The original steam engines (both the Newcomen and the Watt's) were condensing engines.  They were usually single acting with a working beam.  Their purpose was to pump water out of mines.

I know I have no chance of making a model Newcomen engine.  These things were so inefficient, that in model form they almost never work.

But, I think that an early Watt style engine is within grasp.

So does anyone have or know of plans for an early model Watt engine?

Thanks,

...Ved.


----------



## vederstein (May 28, 2016)

Well, I did some more hunting and came up with nothing.

So unless somebody helps in this endeavor, I'l have to forge on my own.  Anyways, I scoured the Internet and found what seems to be a common cutaway drawing of one of Watt's pumping engines.

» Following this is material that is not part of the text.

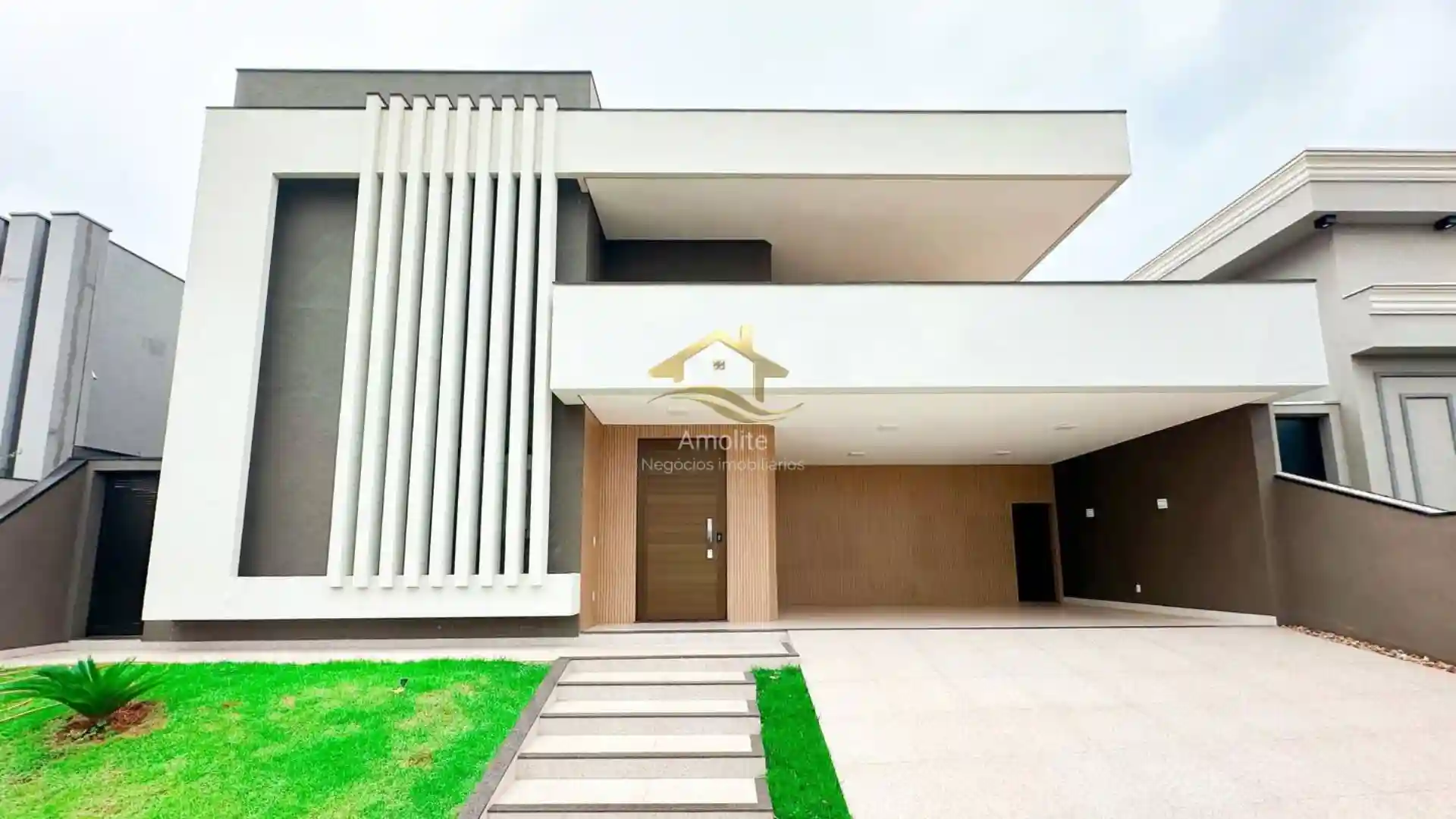 Casa de Condomínio com 3 quartos à venda, 257m² — foto 1 de 20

So I traced over it in a CAD system.  Then I scaled it so that the piston bore is 1.5".   From here I can get the relative diameters and stroke lengths of the other dimensions (walking beam, condenser size, condenser pump, etc.)

Now it's the painstaking task of translating this 2D sketch into a 3D model that's simple enough I can work from.  The cutaway drawing isn't detailed enough for the valving, so I'll just have to come up with something on my own.

...Ved. 

View attachment Bitmap Tracing-Model with bitmap.pdf


View attachment Bitmap Tracing-Model without bitmap.pdf


----------



## Charles Lamont (May 28, 2016)

See this:

http://www.davidhulse.co.uk


----------



## deverett (May 29, 2016)

Possibly a bit late as you have started drawing, but how about a Cornish Winding Engine?  The Cornish mines were one of the earliest users of steam (after all, it was a Cornishman who invented the steam engine).

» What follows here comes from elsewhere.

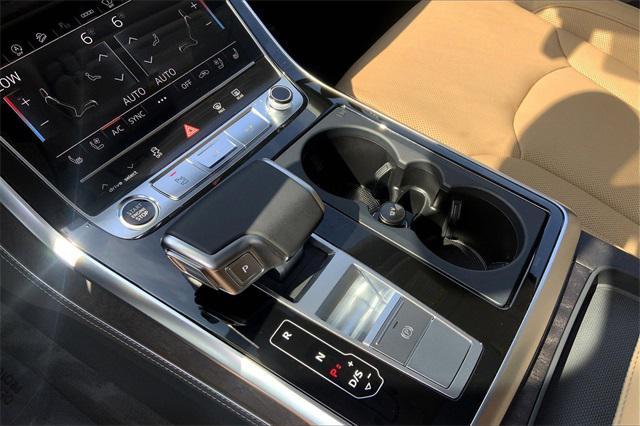 Photo of 2025 Mythos Black Metallic Audi Q7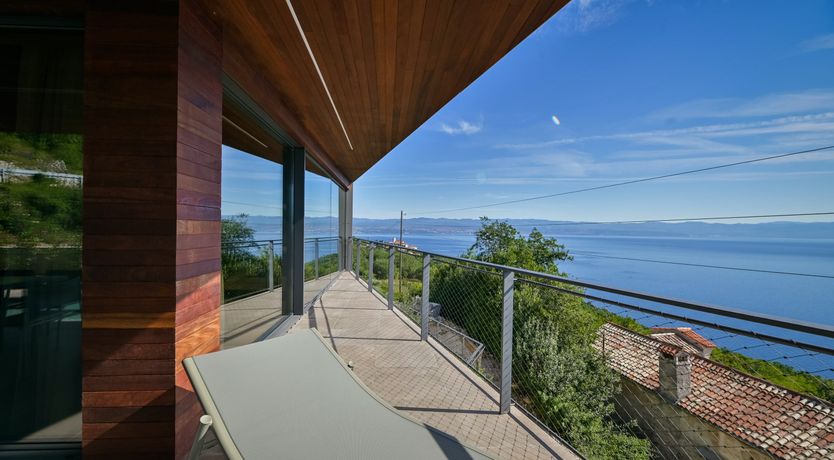 Photo of Emerald Echo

Have a look at https://www.camdenmin.co.uk/products/drawings-of-the-levant-whim

Dave
The Emerald Isle


----------



## MichaelWilliams (May 30, 2016)

(1) A construction series with excellent drawings for a working model Newcomen engine was published about 30 years ago in one of the model engineering magazines .     Probably Engineering in Miniature .

(2) Boulton & Watt

(3) More

(4) Crofton Engines


----------



## MichaelWilliams (May 30, 2016)

I don't have many EIM for that period but on a quick search I came across a construction series for a James Watt Lap Engine . My one copy is for Dec1986 and it's part ix so must be articles before and after that date .


----------



## vederstein (May 31, 2016)

Thank you for your insight and help folks.


----------



## Jasonb (May 31, 2016)

There are a couple of kits available for condensing engines which may give you some ideas

http://www.sussexsteam.co.uk/Newcomen.html

http://www.forest-classics.co.uk/atmospheric_engine.htm


----------



## vederstein (Jun 5, 2016)

Continuing on with the design.  I have some major components placed.

I still need to:

refine the steam valve
attach the chains
design the pump side
design the condenser
design with condensate pump
I sure a lot of other stuff too.
But hey, it's a start.... 

View attachment Assy - Watt Pumping Engine.pdf


----------



## vederstein (Jul 10, 2016)

It's been some time and work is progressing slowly.  The summer can be quite busy for me.

So I've managed to do a bit more work on this engine design, fleshing out the valve linkage and condenser.

...Ved.


----------